1. The problem statement, all variables and given/known data
Give an example of an abelian and a non-abelian group with isomorphic automorphism groups.

3. The attempt at a solution

My classmate talked to our professor and he hints that Z2 xZ3 and D3 (or D6..depends on your notational preference it's the triangle) MIGHT be correct...prove or disprove.....

I see that Z2xZ3 is of order 6 and so is D3. So lovely, off to a good start. At least we start with the same group order.

I need to find the Automorphism group of each set to show that these 2 are isomorphic...(IF they even are) and this is where I can't go any further.

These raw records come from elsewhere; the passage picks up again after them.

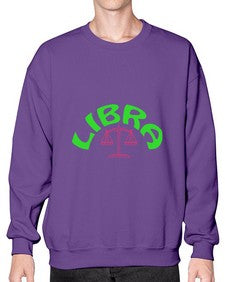 Libra 322# - libra- Sweatshirt - Crew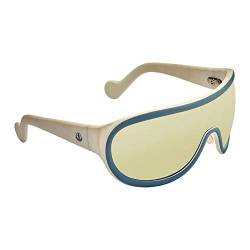 Moncler Unisex-Erwachsene ML0047 86C 00 Sonnenbrille, Türkis (Azzurro), 0 von Moncler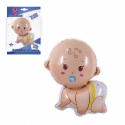 Globo foil bebê azul 75cm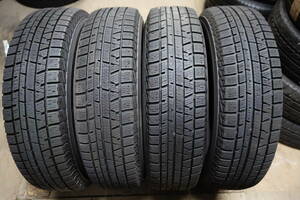 ９.8分山　スタットレス 165/65R15 ヨコハマ ice GUAD iG50 ４本 J76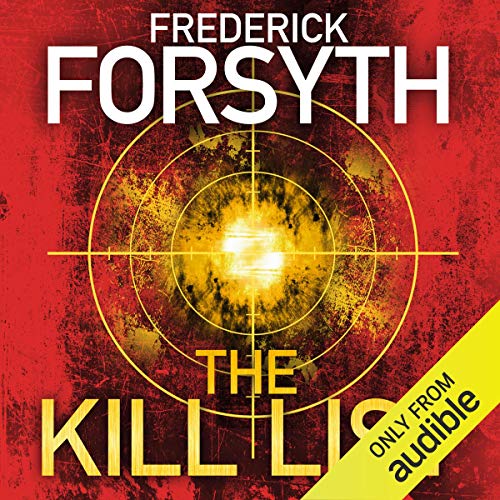 The Kill List Audiolibro Por Frederick Forsyth arte de portada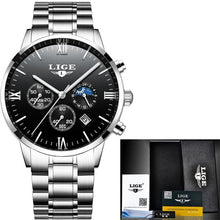 Load image into Gallery viewer, LIGE New Watch Men Sporto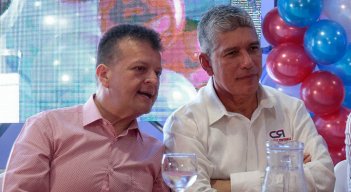 Los congresistas Jairo Cristo y Edgar Díaz no lograron ponerse de acuerdo para definir el aval a la Alcaldía./Foto archivo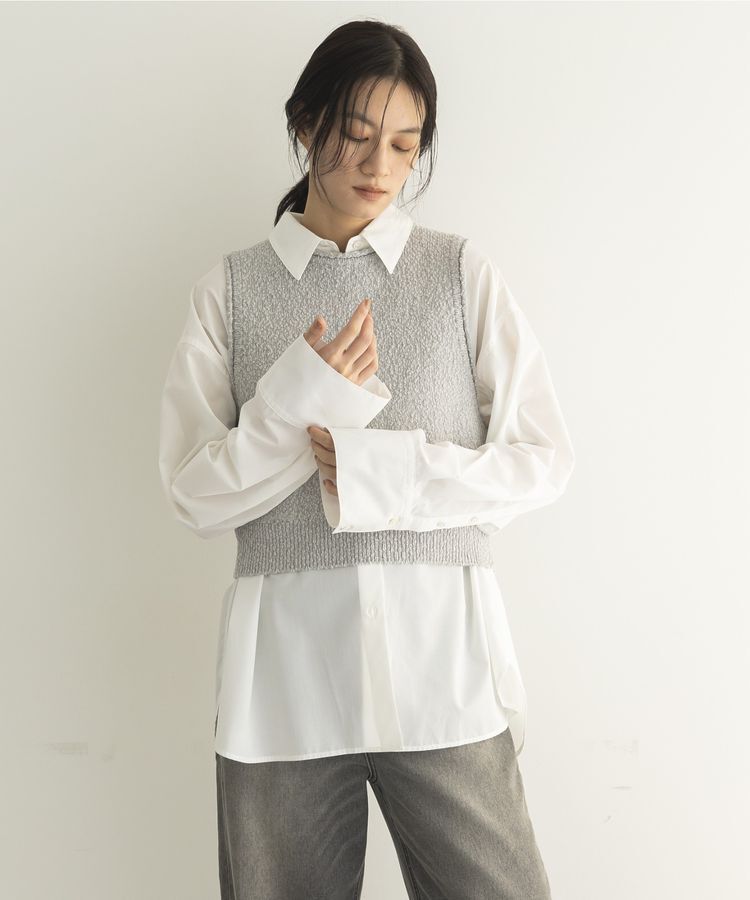 GARAGE OF GOOD CLOTHING「アメスリショートベスト」|ベスト・ジレ|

D3 is not abelian but Z2 x Z3 IS abelian and I'm looking at the automorphism groups of each one.

How do I get these automorphism groups? I just am drawing a blank here. We know that each one has the identity Aut, but then how do we define the other ones. We've confused ourselves!

EDIT: So are the automorphisms of D3 $$1, r, r^ 2, a, ra, r^ 2a$$ where 1 is the identity and r is a rotation by 120 degrees and a is a flip through the vertex angle? Or is it something else?

CC

Last edited: Jun 11, 2007
2. Jun 11, 2007

### Hurkyl

Staff Emeritus
The problem is small enough to be solved with sheer brute force.

Each of these groups has 6 elements, and can be presented with two generators. Therefore, there are only thirty-six ways to map the two generators back into the group; you can go through each one and see if it extends to a homomorphism, and if that homomorphism is an automorphism.

After doing the first few, hopefully you'll get some ideas on how to greatly accelerate the search...

3. Jun 12, 2007

### matt grime

Those are the elements of D_2.3, not automorphisms of it. An automorphism of a group is an isomorphism from it to itself.

Auts of Z_2 x Z_3=Z_6 are easy, since that is a cyclic group generated by g say of order 6. Any hom of Z_6 is determined by where it sends g, and there are 6 possiblities - how many of those give isomorphisms?